Inclusivity, Or Just The Beauty Industry’s Latest Trend?
She didn’t have a name, really—but that didn’t stop me from memorizing her
appearance to a T: flowing blonde hair, crystal blue eyes, pale rosy cheeks.
Over time, she’d swap brightening powder for self-tanner, plucked arches for thick brows, lipgloss for matte liner...and so on. I kept up with bated breath, cutting her out of my favourite magazines, pasting the collage of features next to my mirror, and frowning whenever my own reflection—drastically different in every way—caught my eye.
The result? By the time I was 13, there wasn’t a single product on my shelf that didn’t promise to change something about myself. There’s nothing wrong with wanting to be beautiful, of course—except as a wide-eyed Chinese teen in North America, the beauty industry always seemed to favour everything I was not.
My experience was hardly unique: growing up in a low-income, predominantly Black and Asian neighbourhood, mismatched foundation, untameable hair and awkward-fitting clothes were commonplace—as if rejecting your body and the cultures that shaped it was just another part of growing up here. There was no room for us in cosmetic aisles, commercials, or magazines, simply because corporations weren’t trying to make us feel good about ourselves. The longer they could sell an unattainable image—that perfect girl beside my mirror—the longer they kept their consumers in hot pursuit.
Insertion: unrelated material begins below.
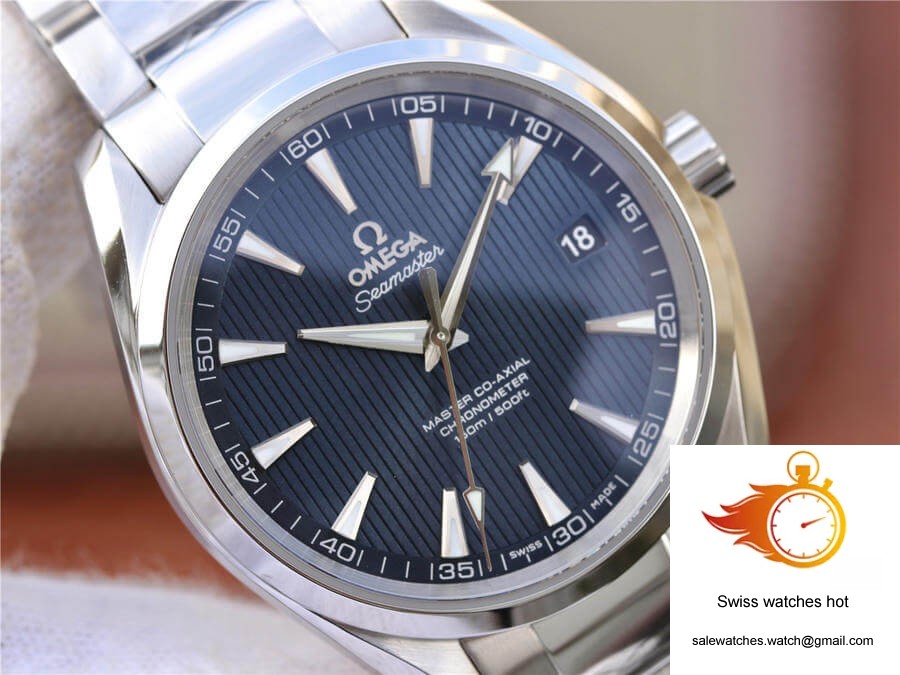Omega Seamaster 231.10.42.21.03.001 VS Factory Blue Dial 4 Omega Seamaster 231.10.42.21.03.001 VS Factory Blue Dial 4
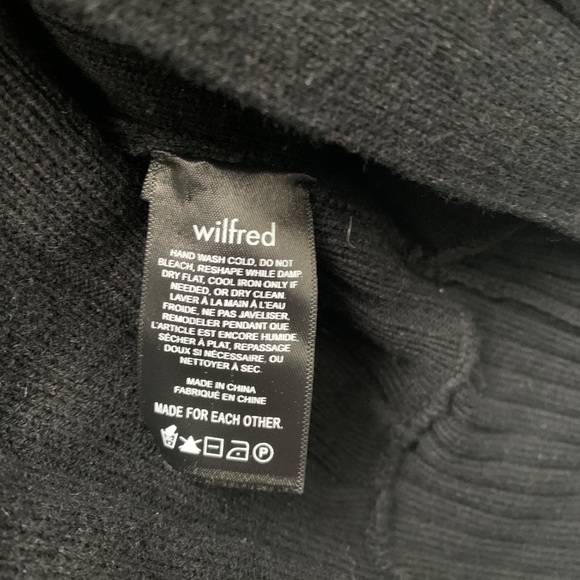 Wilfred Plunge Front Cardigan Black S - Picture 10 of 11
There was no room for us in cosmetic aisles, commercials, or magazines, simply because corporations weren’t trying to make us feel good about ourselves.
Inclusivity goes beyond a diversity hire or token POC models...it’s uplifting marginalized communities so the Western-dominated powerplay over the beauty standard can finally be dismantled.
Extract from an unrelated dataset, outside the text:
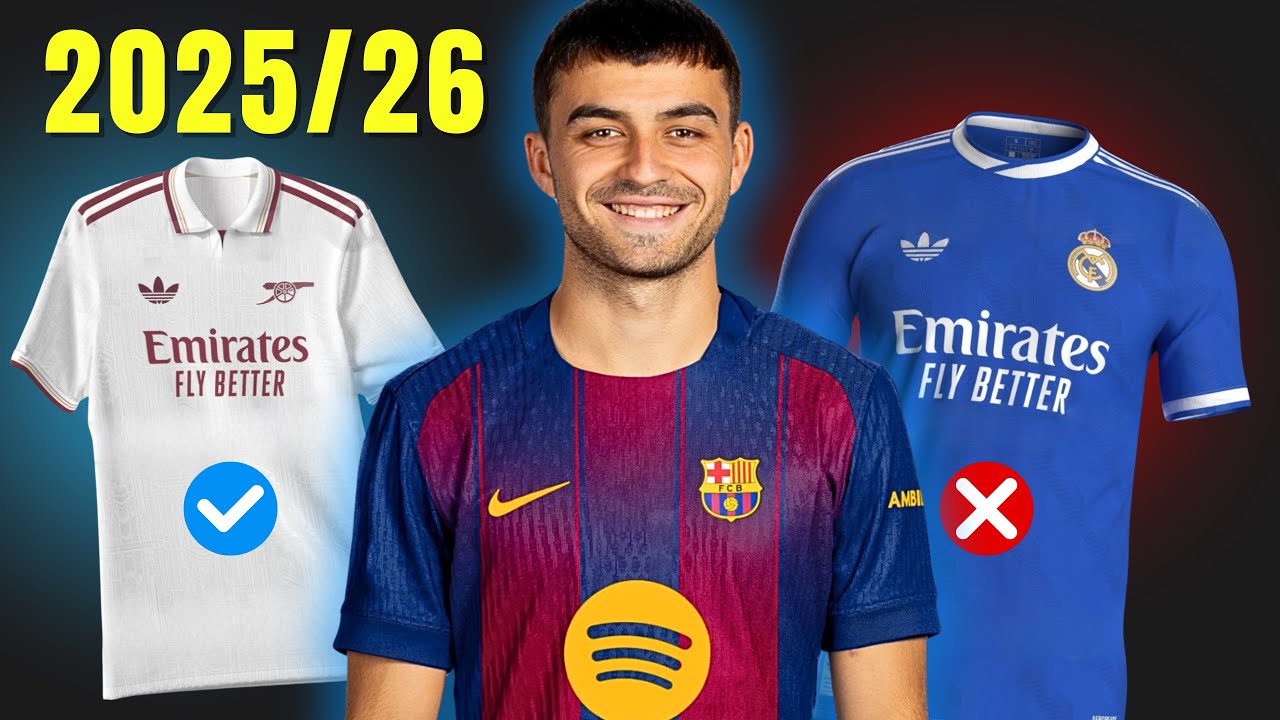 Así Serán Las Nueva Camisetas 2025/26 | Barcelona, ​​Real Madrid y Más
Still, when you hear about Asian creators exploited by their sponsors during AAPI month (looking at you, Patrick Ta) or the sheer amount of girls starving themselves just to fit into Brandy Melville’s one-size designs, it’s clear we still have a long way to go.
After all, inclusivity goes beyond a diversity hire or token POC models—it’s regularly consulting them for insights and experience; it’s compensating artists and designers of colour for their work instead of appropriating without credit (see: the “fox-eye” trend, or locs and African braids sported by ignorant wearers—whitewashing the same features we’re often ostracized for). It’s uplifting marginalized communities so the Western-dominated powerplay over the beauty standard can finally be dismantled, and saturating every level of production so the industry can finally start catering to its consumers—not the other way around.
Inclusivity to me is about neutrality—celebrating the ever-expanding framework of what beauty can be. If media has the power to prescribe how we look, act, and judge others, it also has the potential to rectify generations of internalized insecurities and commodified culture. After all, as much fun as dress-up can be, we have the right to feel good in our own skin, first.